Eric Choi, Seoul International School, Gyeonggi-do, Seongnam-si, South Korea
Next-generation sequencing (NGS) provides massive sequencing data with ultra-high output and speed (Slatko et al., 2018). This revolutionary technology provided large-scale genomic data to identify single nucleotide polymorphisms (SNPs) that represent the association with many traits and diseases (Kumar et al., 2012).
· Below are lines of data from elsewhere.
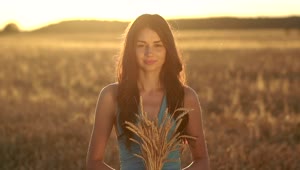 Download Stock Footage Young Woman Holding Wheat Live Wallpaper Free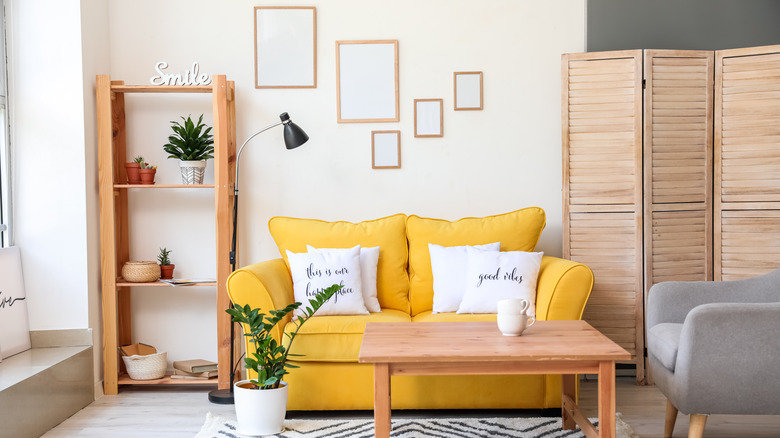 Yellow couch in a cozy natural living room 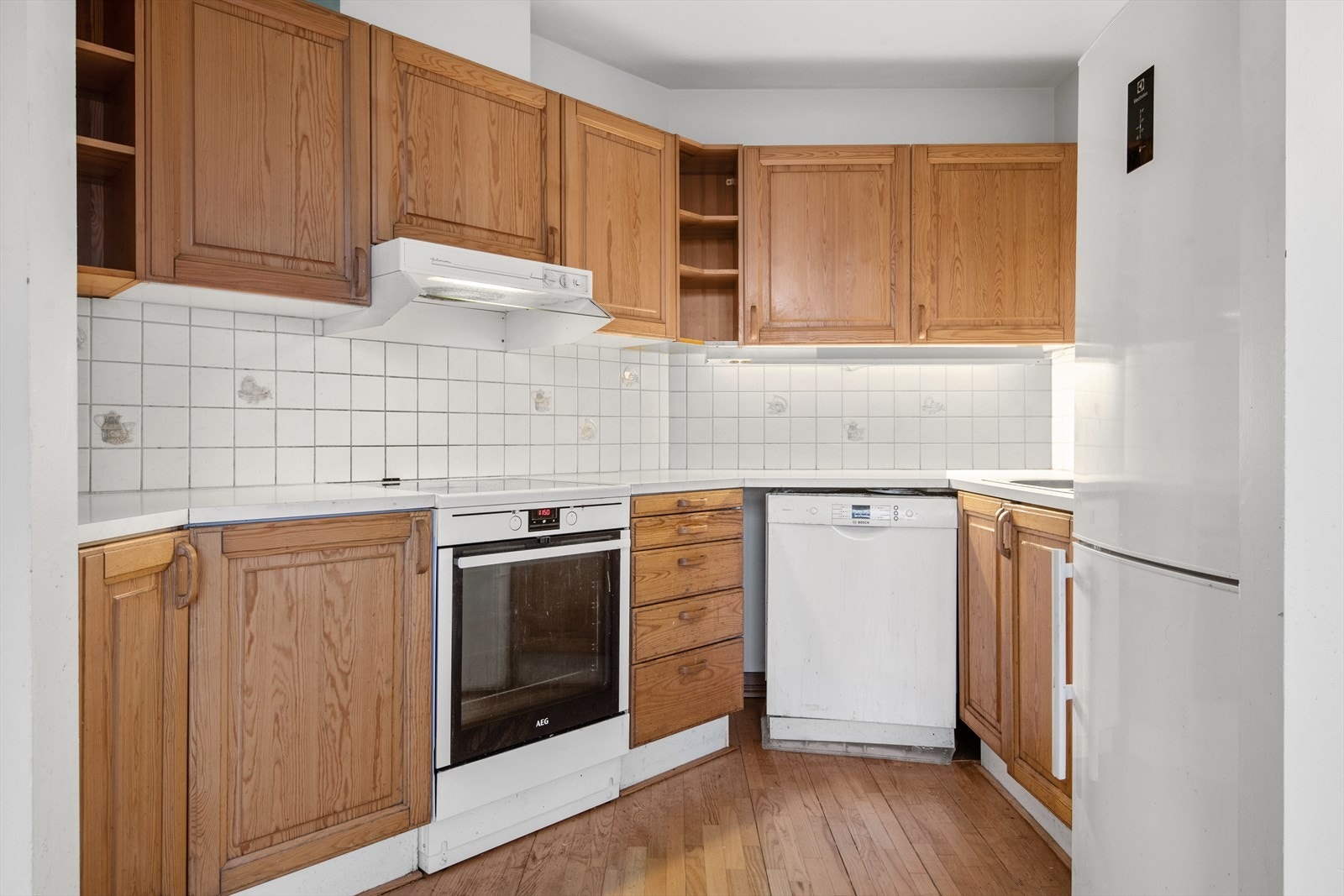 Kjøkkenet har profilerte fronter og er utstyrt med komfyr, ventilator med kanal til yttervegg, oppvaskmaskin og kjøl/fryseskap. Disse medfølger salget. Galleribilde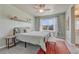 Well-lit bedroom featuring a ceiling fan, neutral colors, and a bright window at 23957 E Rocky Top Ave, Aurora, CO 80016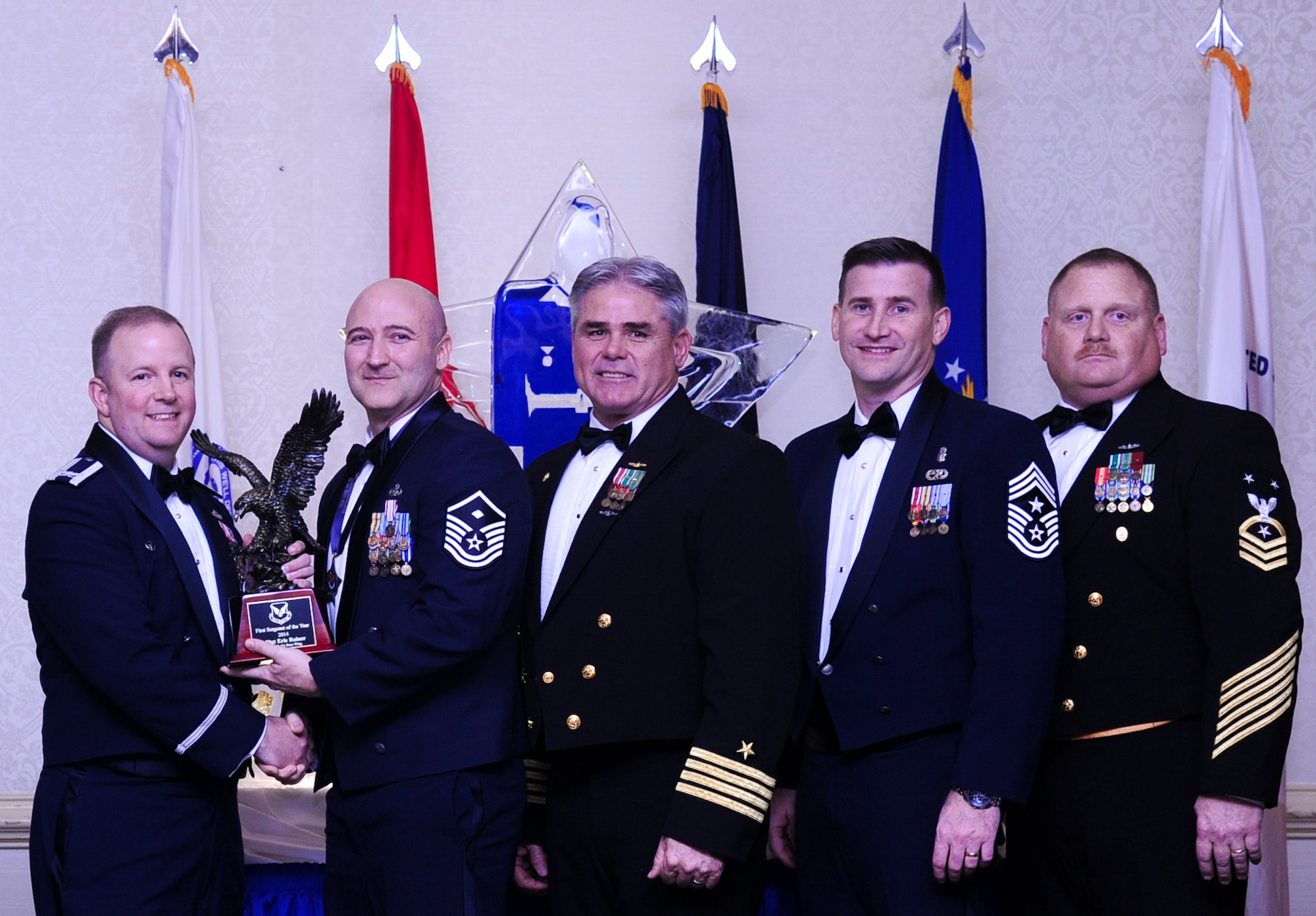 Col. Jeffrey DeVore, Joint Base Charleston commander, Capt. Timothy Sparks, JB Charleston deputy commander, Master Chief Petty Officer Joseph Gardner, Naval Support Activity command master chief and Chief Master Sgt. Mark Bronson, 628th Air Base Wing command chief present Master Sgt. Eric Rainer, 628th Medical Group, with the First Sergeant of the Year award Jan. 23, 2015, at the 2015 628th ABW Annual Awards Banquet at the Charleston Club on Joint Base Charleston, S.C. (U.S. Air Force photo/Airman 1st Class Clayton Cupit)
However, most genetic studies are based on those of European descent, who contributed their DNA for research purposes. While genomic data has been updated with many different populations recently, European-based genomic data still consisted of approximately 80% in genome-wide association studies (GWAS). Clearly, Europe only represents a small fraction of the total human population, so the remaining population is misrepresented. Consequently, the lack of diversity in genomics studies limits the scientific understanding of human diseases; this may lead to health inequities and failure to understand disease prevention and treatment.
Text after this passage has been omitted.